Quand il saute aux yeux, le remplissage destiné à gratter quelques heures de jeu pour en gonfler nonchalamment sa durée passe très mal. A croire que pour tenir les délais imposés par des plannings tenus par la finance, les développeurs ont pris l'habitude de délayer au besoin leur contenu.

Oui, je suis attristée quand les gens pensent que ce jeu ne vaut pas le prix que nous en demandons (et que nous considérons comme juste). C'est comme si je les avais déçu.

Ça n'est pas grave si les gens n'ont pas aimé le jeu, mais cela m'affecte personnellement beaucoup lorsqu'ils pensent qu'il ne valait pas le temps qu'il y ont investi.

Jane Ng (Firewatch)

Les inféodés de l'indé eux, n'ont que faire de franchir les paliers de la dizaine, quinzaine, ou vingtaine d'heures : le jeu se déroulera le temps nécessaire au développement de son gameplay ou de son propos. Ni plus, ni moins. Bien entendu, rien n'interdit de craquer son slip tant que la longueur se veut pertinente : Super Meat Boy par exemple, oblige à suer sang et eaux pour espérer sortir vivant des derniers niveaux, et obliger le joueur à avancer plus vite n'aurait aucun sens.

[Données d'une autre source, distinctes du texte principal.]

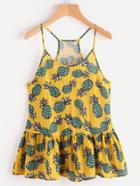 Romwe Allover Pineapple Print Racerback Tiered Hem Cami Top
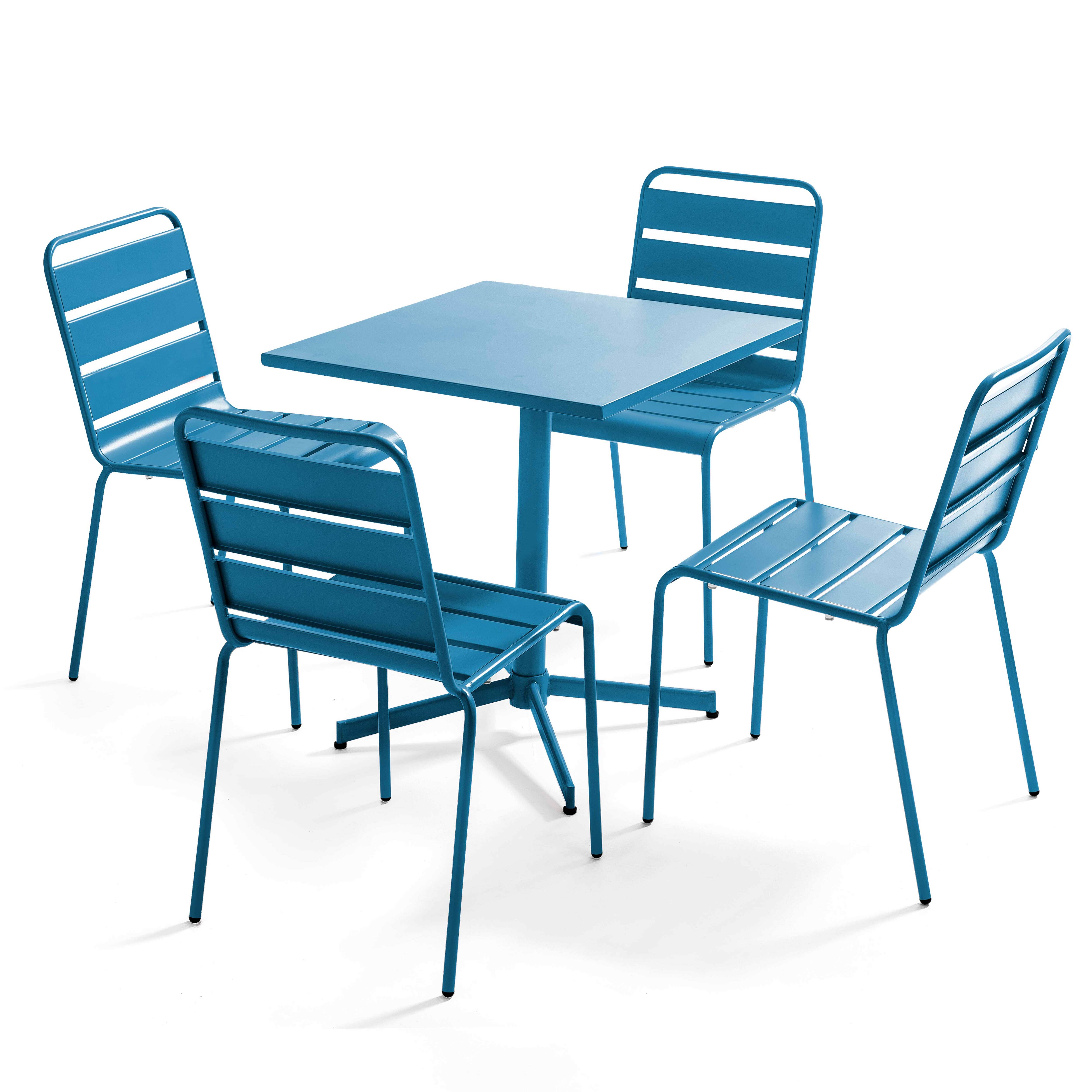 Ensemble table de jardin carrée et 4 chaises bleu pacific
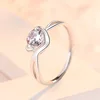 Pure Silver Ring Female Fashion Individuality Japanese and Korean Simulated Diamond Ring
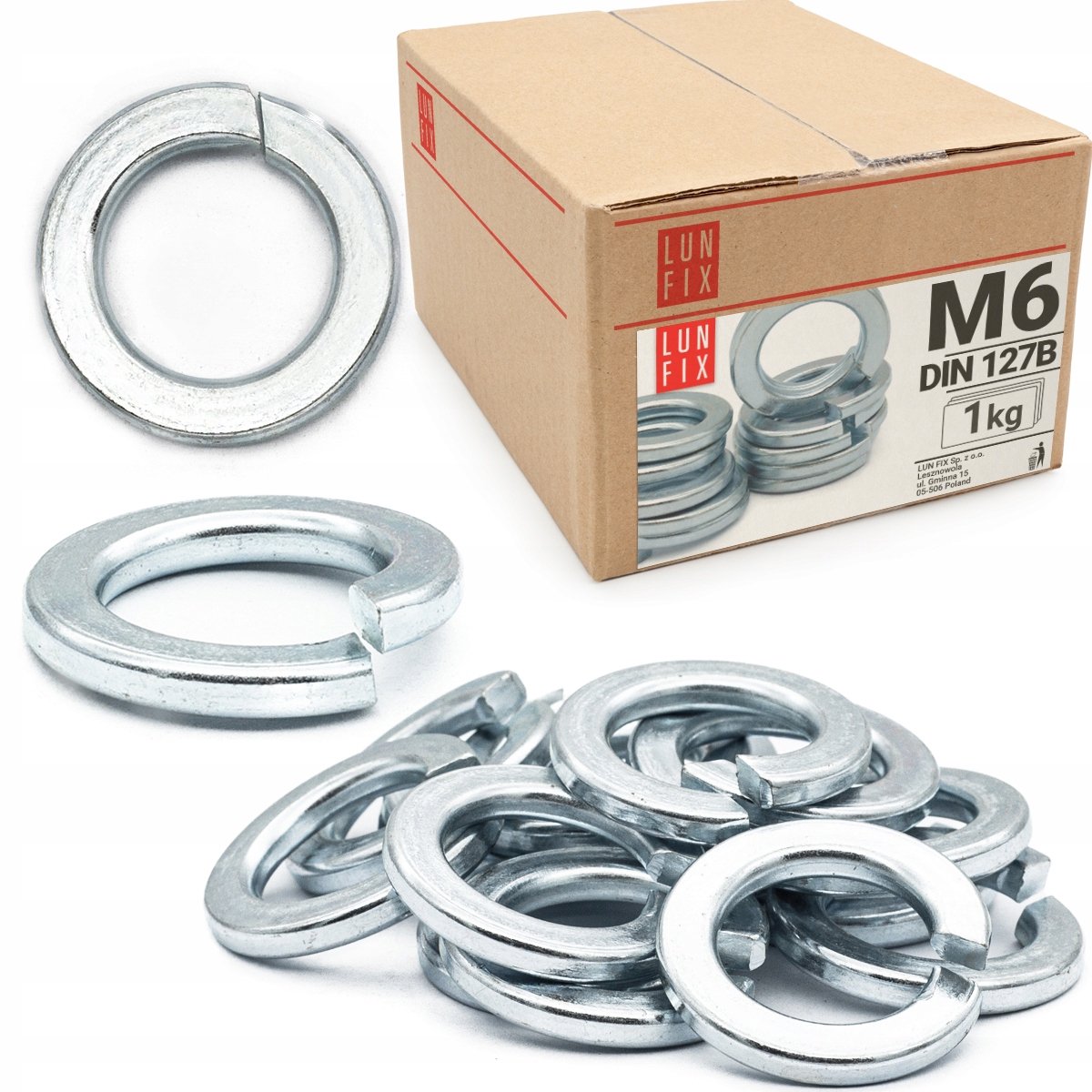 LUN FIX - Platte veerring M6 verzinkt DIN 127 - 1kg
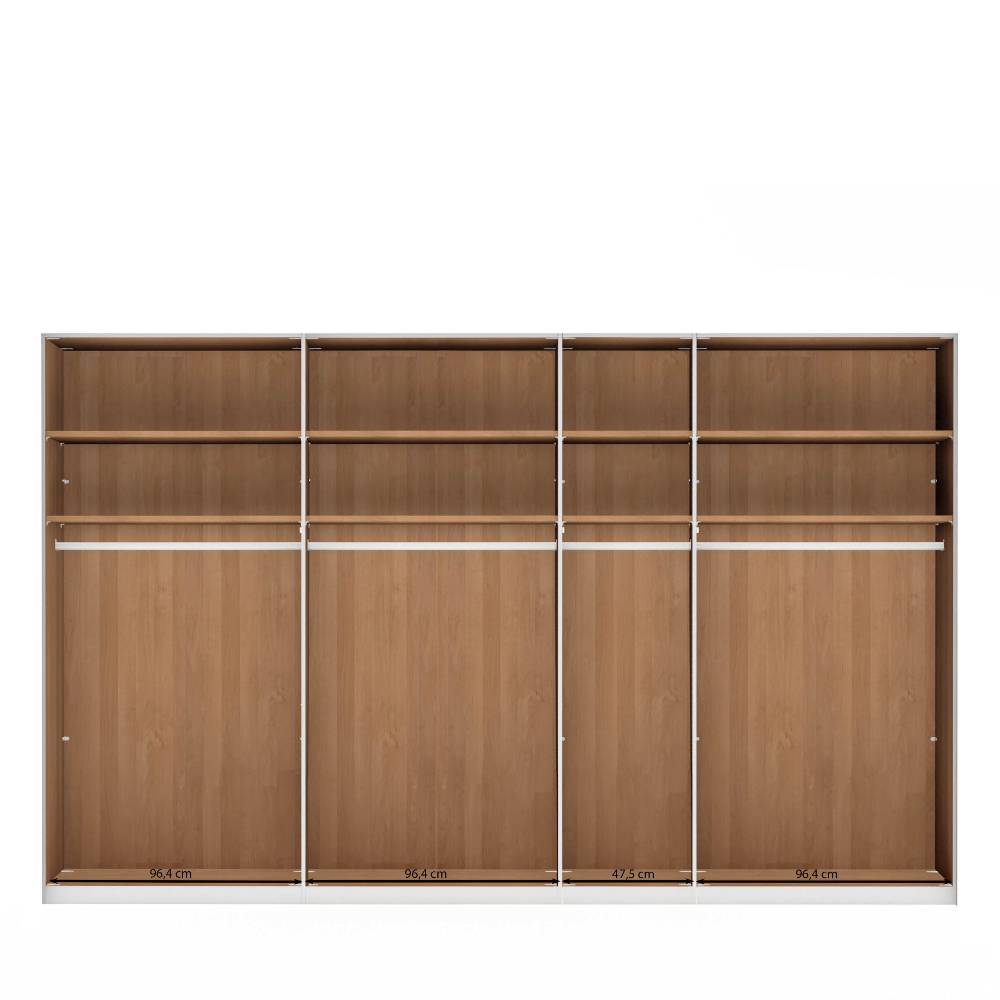 7-türiger Kleiderschrank in Weiß Glas - Dilacco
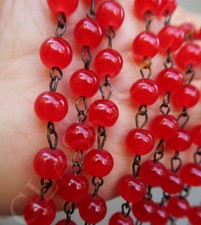 12" glass 8mm bead prism strand part Ruby RED Opaline brass lamp chandelier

On retrouve cette logique dans le dernier jeu de Jonathan Blow : The Witness est une sorte de métaréflexion sur l'apprentissage, une démarche explicative et méthodique (parfois à la limite de la folie) qui nécessite par essence du temps. Mais bien souvent, le plaisir n'atteint pas le nombre des heures, même si la récente polémique consumériste à l'égard de Firewatch braque amèrement les projecteurs quant à l'état d'esprit du marché en 2016...

Une expérience onirique comme celle proposée par Journey est pensée comme un trip visuel et contemplatif, et sa courte durée participe à l'expérience. Son format long-métrage permet en une unique session de jeu de faire monter en nous un crescendo émotionnel tourbillonnant, jusqu'à sa métaphorique conclusion...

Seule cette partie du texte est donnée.